When conflicts occur, there are traps in which couples frequently fall. It amplifies the negative emotions that you are experiencing. If you know about the traps, you will be better at managing a fight. Of course, our little tips cannot take away the differences and frustrations in the blink of an eye but they can turn emotional conflicts involving tears, screams and angry words into constructive expression for a better understanding of the other. Now, let’s take a look at the traps…
Waiting too long or enduring an unacceptable and reoccurring situation will probably lead you to break down at an inappropriate moment. You partner will not understand why you are suddenly so mad about something so trivial. When you simmer frustration, it builds up, ready to explode at any moment. For example, if you cumulate anger because your husband makes a comment about your dinner being lukewarm every night, you will probably end up getting really mad. That’s the danger. Maybe you won’t explode the next time he talks about the meal, you may just as well blow when you have a different opinion about something in the newspaper. The very first moment when you will go through a frustration will be the last straw that breaks the camel’s back. You will confuse your husband who will wonder why you are so round up about an article. Nonetheless, it will not help him guess what your anger truly means because you haven’t discussed it at the right time.

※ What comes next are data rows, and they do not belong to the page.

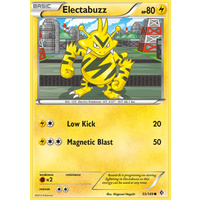 Electabuzz 53/149 BW Boundaries Crossed Common Pokemon Card NEAR MINT TCG
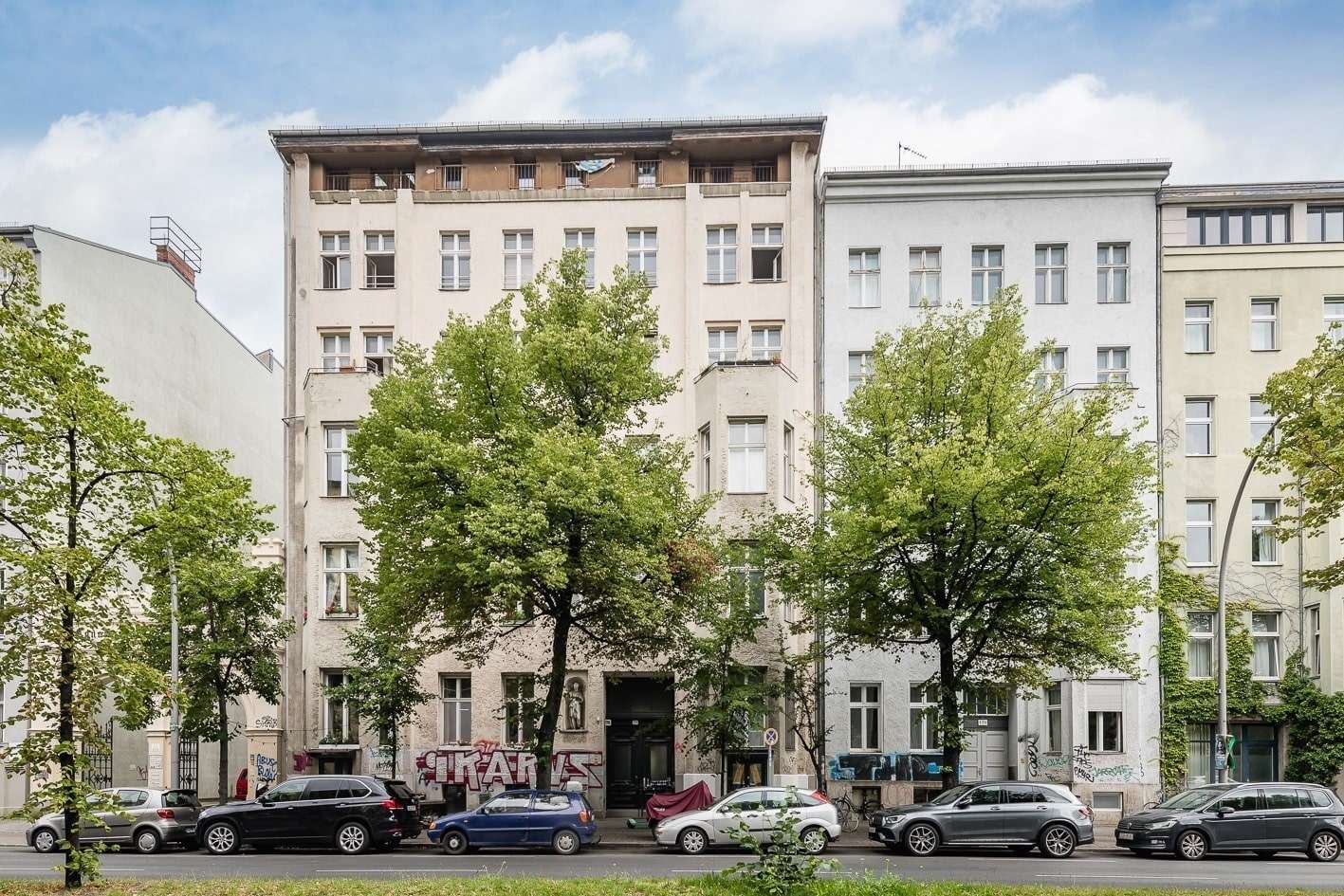 Hausansicht - Erdgeschosswohnung in 10961 Berlin mit 48m² kaufen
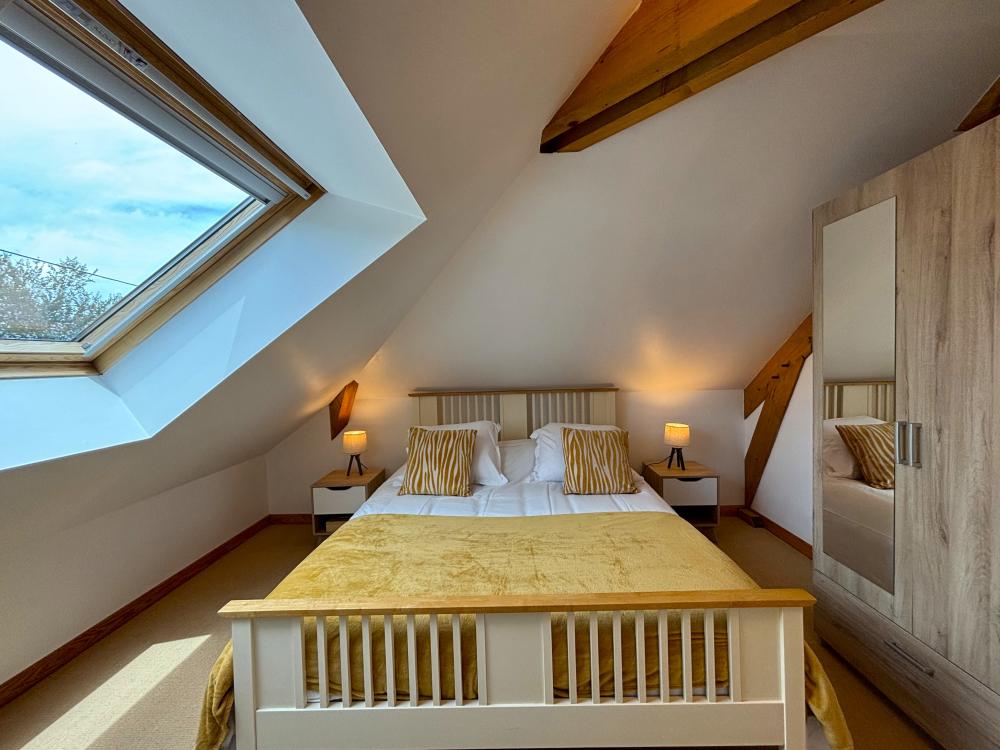 La chambre Place des Oies au 1er étage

Speaking at the wrong time
Sometimes, you must choose the right moment to get your message across in a couple. There are appropriate moments and there are bad moments. Avoid getting your point across in front of guests or when you are visiting someone. Avoid major tune-ups in front of children too (however, little arguments, if they are appropriate and reasonable, can teach a lot about conflict resolution). Also avoid doing so in a stressful moment (when you are late, before a job interview, before an important presentation at work, etc.). Finally, avoid getting your message across if you know that you don’t have enough time to discuss.
Digging old stories
If you are being reproached and you remind the other that he did something similar in the past in self-defence, know that you are starting a very sneaky fire. The past stories must remain in the past if their only purpose is to attack and humiliate the other. You couple will not progress towards conflict resolution. On the contrary, it will be more tempting to dig another story to accuse you too. Can you see what you would get yourself into?
Forget the accusations
“You always criticize me!” or “You always have to ruin everything!” are sentences that will inflame the situation. Accusing the other and constantly remind him of his wrongs have no incidence on what truly bothers you. Moreover, it doesn’t help your partner understanding what emotions he is triggering in the situations that you accuse him of. You leave him under the impression that he is responsible for a conflict in which he has no chance to express himself calmly. Whenever someone is under attack, he will strike back or run away. Is that what you want?
Screaming, hitting, insulting, scratching…
Such behaviours should be avoided. Emotional rants sometimes bring regrets or leave permanent marks (on the heart, the body or the furniture). Insults and screams don’t solve anything. The same goes for physical and psychological abuse. This climate doesn’t lead to listening and understanding. You will rather be caught in a fight with no winner.